# To do
Only the text belongs in the copy. Transcribe the data exactly and drop any pictures.

# Collected data
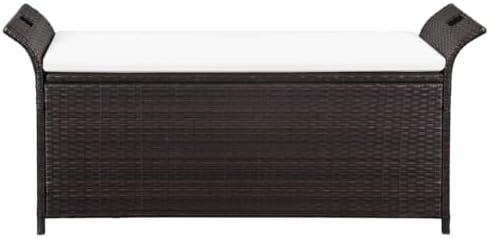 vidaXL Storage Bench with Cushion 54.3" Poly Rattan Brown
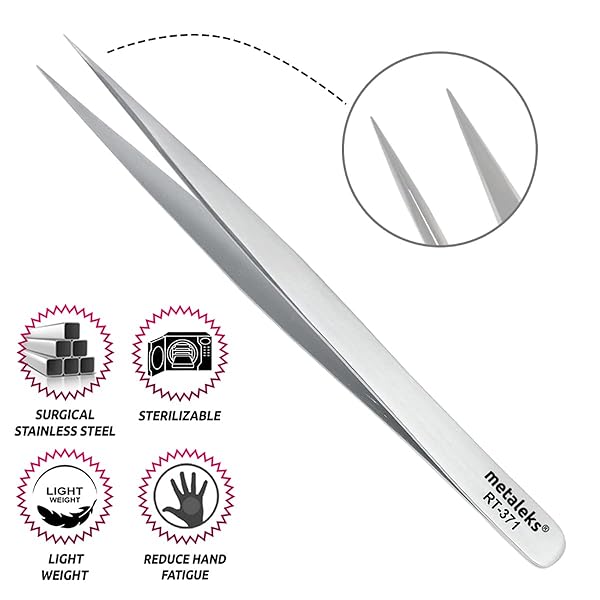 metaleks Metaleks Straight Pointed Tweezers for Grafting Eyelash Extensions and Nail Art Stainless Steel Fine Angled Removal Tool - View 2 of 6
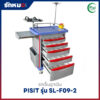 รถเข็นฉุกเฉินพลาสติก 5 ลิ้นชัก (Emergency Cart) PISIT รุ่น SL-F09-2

# Exercise result
 vidaXL Storage Bench with Cushion 54.3" Poly Rattan Brown
 metaleks Metaleks Straight Pointed Tweezers for Grafting Eyelash Extensions and Nail Art Stainless Steel Fine Angled Removal Tool - View 2 of 6
 รถเข็นฉุกเฉินพลาสติก 5 ลิ้นชัก (Emergency Cart) PISIT รุ่น SL-F09-2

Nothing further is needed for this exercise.